Balint, 54, is the first woman elected to Congress from Vermont as well as the first out LGBTQ person elected to Congress from the state after winning Vermont’s sole House seat. “Today, we reaffirmed that Vermont, and this nation, is still a place where anything is possible. We’re still capable of change and progress,” she wrote on Instagram after her win Tuesday night.
Democrat Delia Ramirez, 39, is the first Latina elected to Congress from Illinois, representing the state’s 3rd Congressional District in the House. The daughter of Guatemalan immigrants, Ramirez also became the first Guatemalan American to serve in the Illinois General Assembly when she was elected in 2018.
Democrat Kathy Hochul, 64, is the first elected female governor of New York. Hochul, who previously served as the state’s lieutenant governor, assumed office last year after Gov. Andrew Cuomo resigned.

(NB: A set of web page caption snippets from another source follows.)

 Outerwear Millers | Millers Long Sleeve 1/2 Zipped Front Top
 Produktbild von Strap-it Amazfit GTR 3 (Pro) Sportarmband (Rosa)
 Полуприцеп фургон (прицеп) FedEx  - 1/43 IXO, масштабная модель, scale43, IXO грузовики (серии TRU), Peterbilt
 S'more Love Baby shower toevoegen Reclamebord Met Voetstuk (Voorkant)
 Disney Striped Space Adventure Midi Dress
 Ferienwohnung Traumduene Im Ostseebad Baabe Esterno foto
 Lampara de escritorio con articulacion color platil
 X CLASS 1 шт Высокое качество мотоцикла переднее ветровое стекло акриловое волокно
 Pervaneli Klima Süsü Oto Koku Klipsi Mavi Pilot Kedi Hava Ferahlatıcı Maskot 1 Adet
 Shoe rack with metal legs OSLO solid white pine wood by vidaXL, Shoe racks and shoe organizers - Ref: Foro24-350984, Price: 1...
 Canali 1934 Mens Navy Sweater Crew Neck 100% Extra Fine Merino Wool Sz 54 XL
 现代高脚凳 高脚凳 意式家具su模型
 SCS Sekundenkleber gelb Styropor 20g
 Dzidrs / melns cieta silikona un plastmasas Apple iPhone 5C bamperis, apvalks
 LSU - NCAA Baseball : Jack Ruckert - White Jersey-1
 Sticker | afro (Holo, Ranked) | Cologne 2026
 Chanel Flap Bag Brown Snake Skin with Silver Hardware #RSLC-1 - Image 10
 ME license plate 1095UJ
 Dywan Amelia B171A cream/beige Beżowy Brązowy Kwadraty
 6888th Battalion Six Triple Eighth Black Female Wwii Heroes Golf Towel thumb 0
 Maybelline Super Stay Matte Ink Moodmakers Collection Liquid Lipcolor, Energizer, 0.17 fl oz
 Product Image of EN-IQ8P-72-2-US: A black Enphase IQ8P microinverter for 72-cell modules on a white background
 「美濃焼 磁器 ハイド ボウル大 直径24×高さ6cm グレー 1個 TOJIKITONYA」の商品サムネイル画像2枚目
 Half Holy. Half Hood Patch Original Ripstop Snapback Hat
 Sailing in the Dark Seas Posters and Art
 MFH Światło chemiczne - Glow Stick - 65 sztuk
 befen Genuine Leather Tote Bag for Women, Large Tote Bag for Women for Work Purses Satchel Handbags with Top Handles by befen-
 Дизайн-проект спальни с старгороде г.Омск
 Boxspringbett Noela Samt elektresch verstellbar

Democrat Marcy Kaptur will become the longest-serving woman in Congress after winning her 21st term to represent Ohio in the House. Kaptur, 76, will break a record set by Barbara Mikulski, Maryland’s former senator who represented the state in the House and Senate for a combined 40 years.
Democrat Summer Lee is the first Black woman to be elected to Congress from Pennsylvania, representing the state’s 12th congressional district in the House.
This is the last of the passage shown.